- [Records provided]
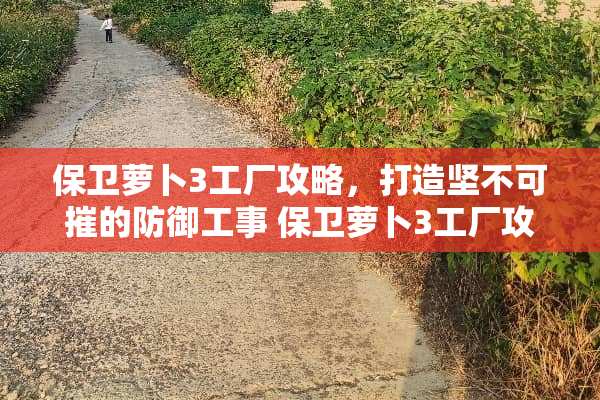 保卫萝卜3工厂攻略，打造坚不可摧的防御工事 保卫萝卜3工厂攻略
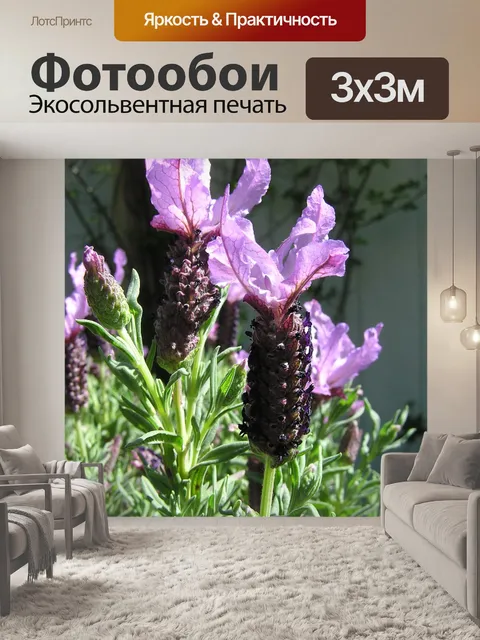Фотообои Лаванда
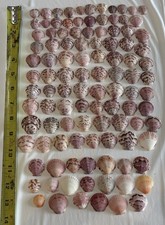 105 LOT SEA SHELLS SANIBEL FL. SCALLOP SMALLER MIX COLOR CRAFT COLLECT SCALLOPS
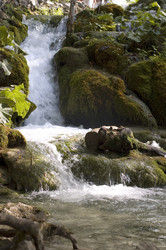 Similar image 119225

* * *

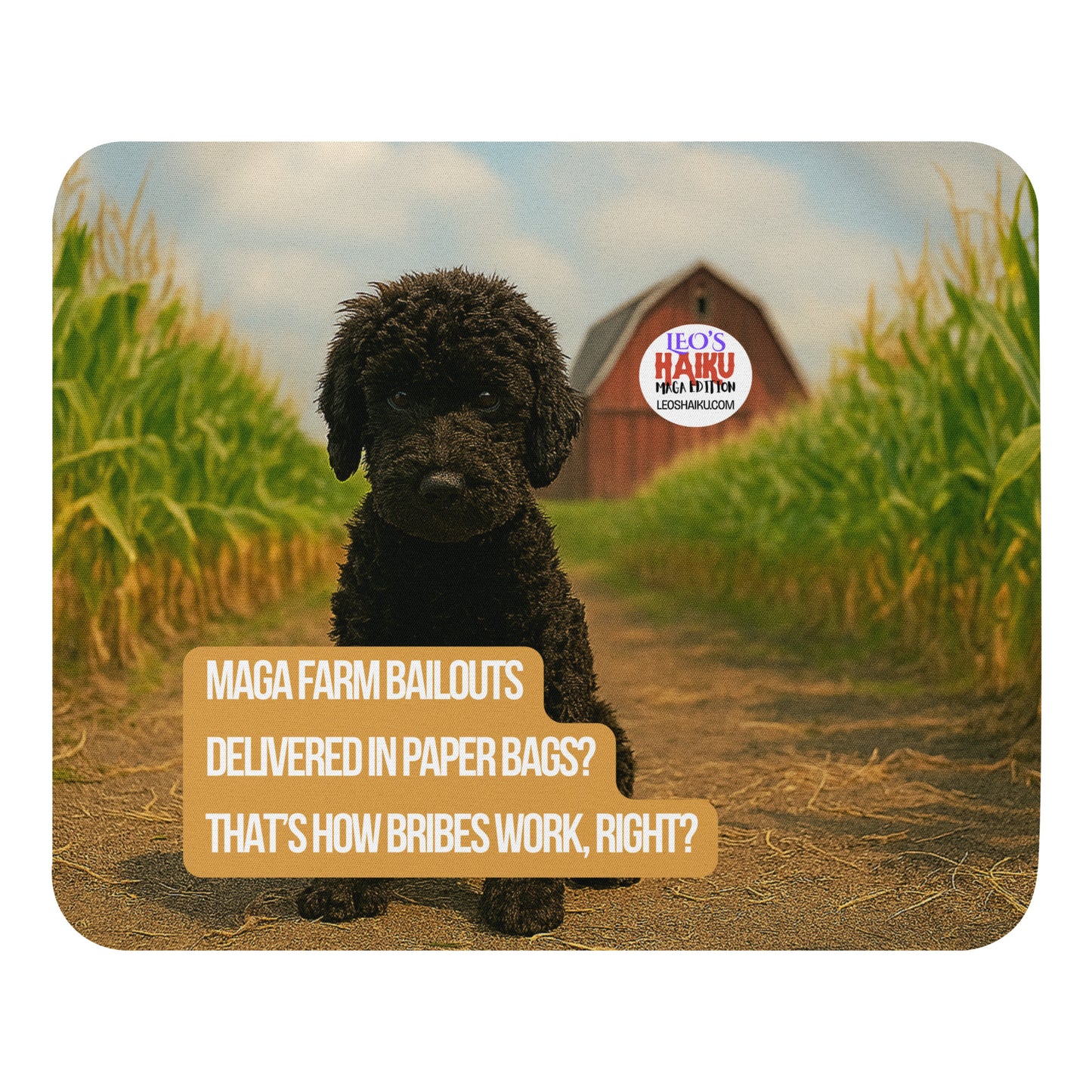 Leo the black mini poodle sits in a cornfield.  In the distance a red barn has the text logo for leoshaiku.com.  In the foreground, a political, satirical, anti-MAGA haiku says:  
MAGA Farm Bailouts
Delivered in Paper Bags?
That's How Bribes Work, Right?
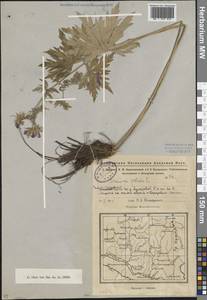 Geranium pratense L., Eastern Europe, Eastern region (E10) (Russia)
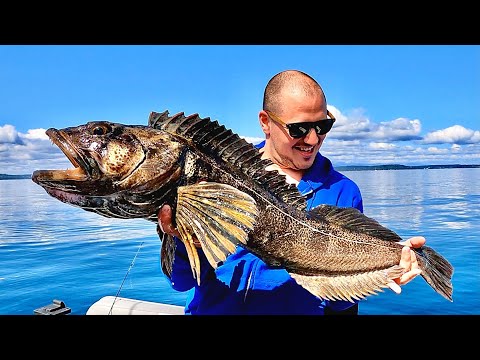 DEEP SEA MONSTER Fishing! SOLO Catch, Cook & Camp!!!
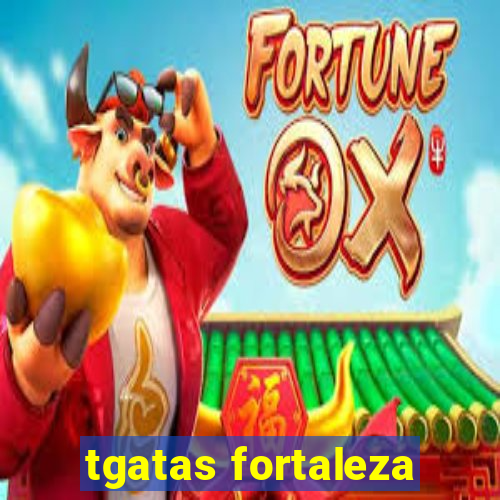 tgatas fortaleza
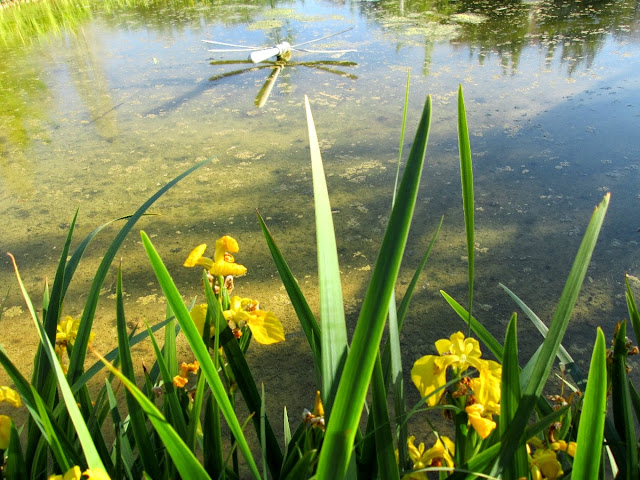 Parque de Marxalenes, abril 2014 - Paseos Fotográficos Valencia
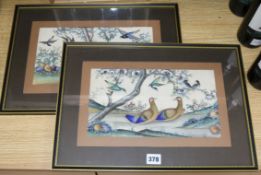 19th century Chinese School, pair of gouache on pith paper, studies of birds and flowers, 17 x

---

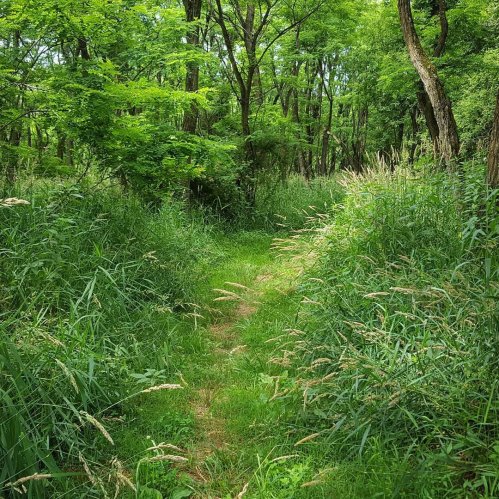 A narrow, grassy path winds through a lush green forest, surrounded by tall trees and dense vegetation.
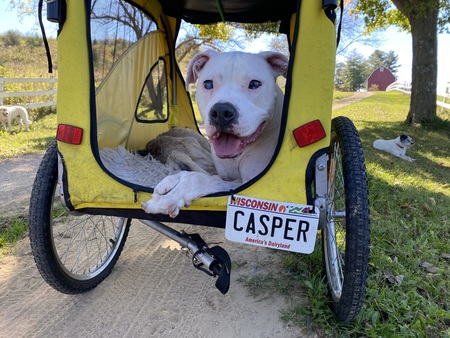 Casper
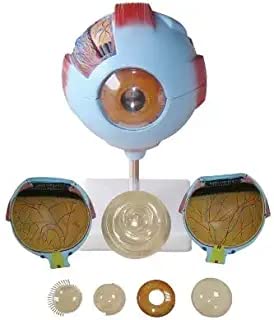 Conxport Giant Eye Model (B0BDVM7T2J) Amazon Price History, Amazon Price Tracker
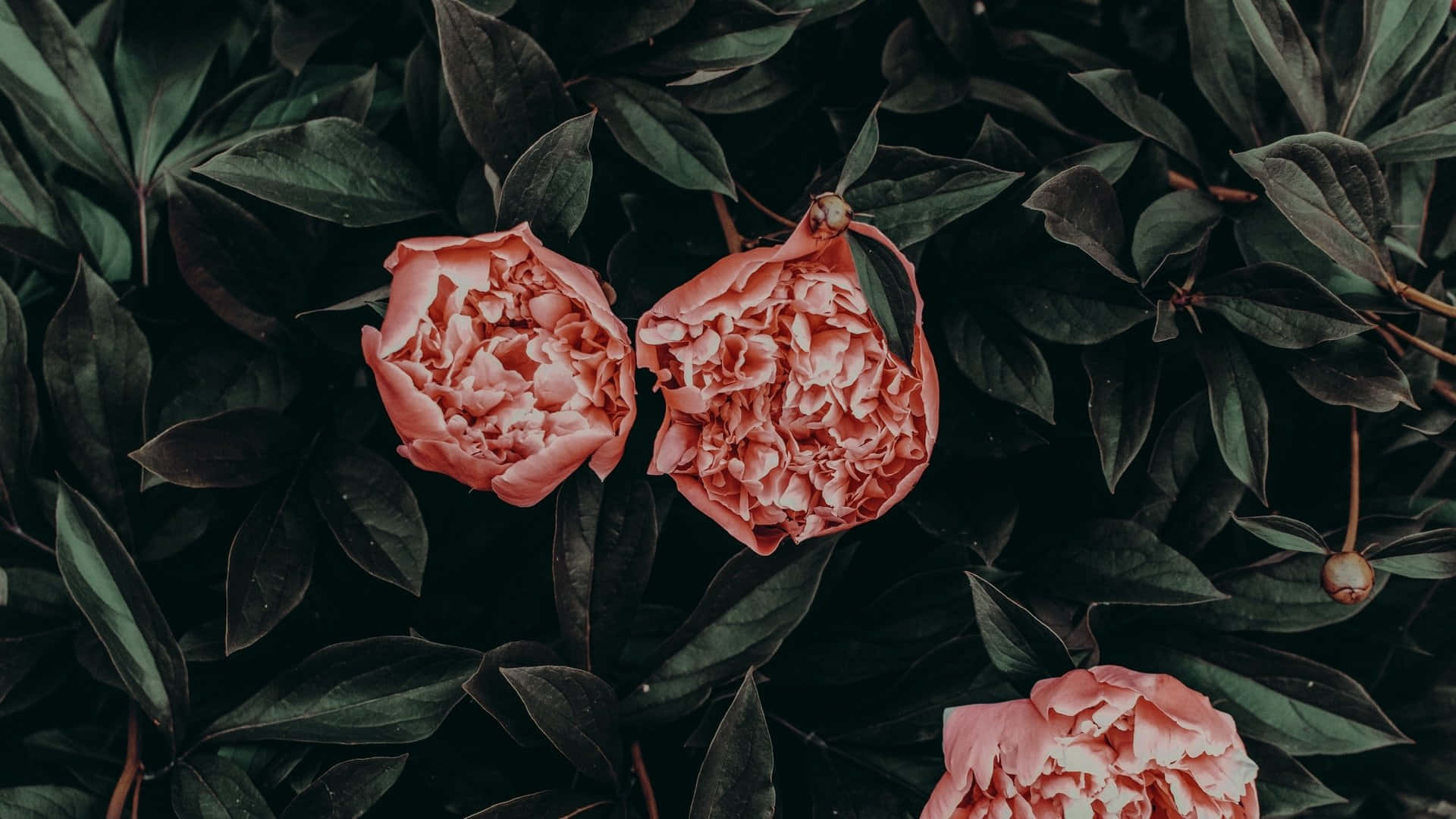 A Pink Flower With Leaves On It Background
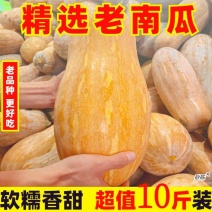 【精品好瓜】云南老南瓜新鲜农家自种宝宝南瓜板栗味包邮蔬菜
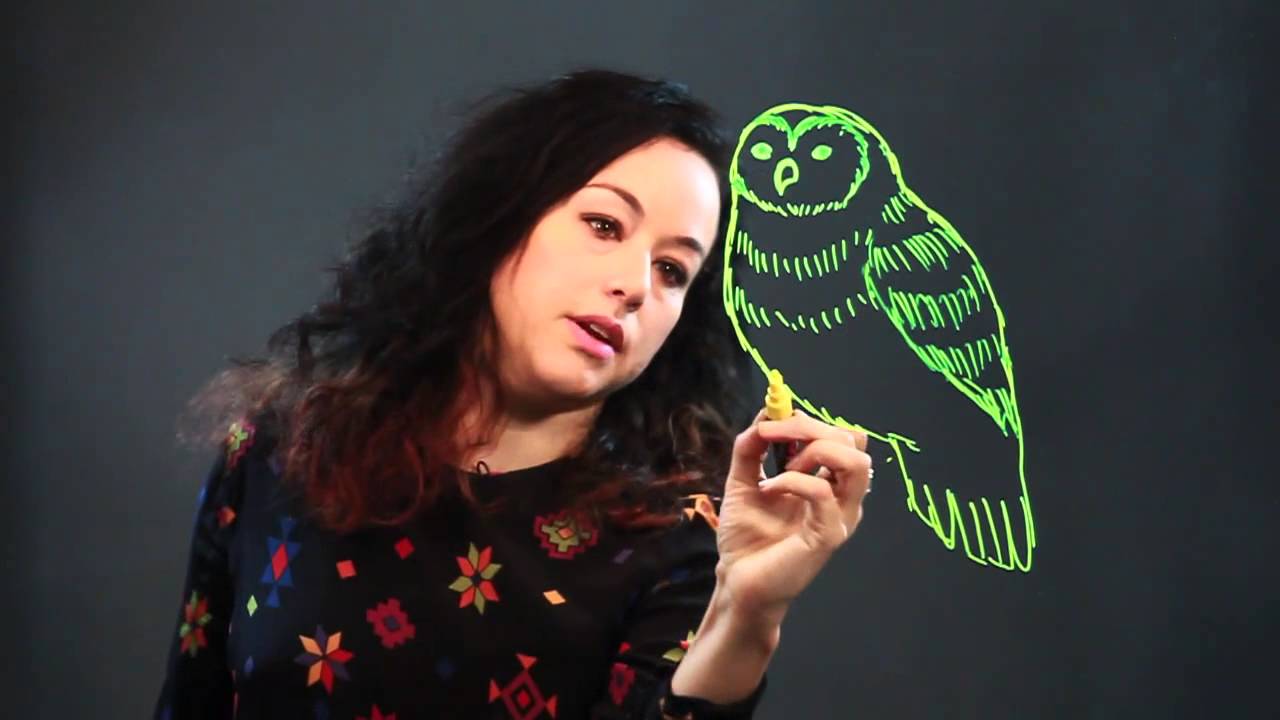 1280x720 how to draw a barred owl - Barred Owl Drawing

- [Exercise goal] Only one stretch of the entries above is needed: the lines from the one containing "保卫萝卜3工厂攻略，打造坚不可摧的防御工事 保卫萝卜3工厂攻略" through the one containing "Similar image 119225". Copy it exactly, without the pictures.

- [Answer below]
 保卫萝卜3工厂攻略，打造坚不可摧的防御工事 保卫萝卜3工厂攻略
Фотообои Лаванда
 105 LOT SEA SHELLS SANIBEL FL. SCALLOP SMALLER MIX COLOR CRAFT COLLECT SCALLOPS
 Similar image 119225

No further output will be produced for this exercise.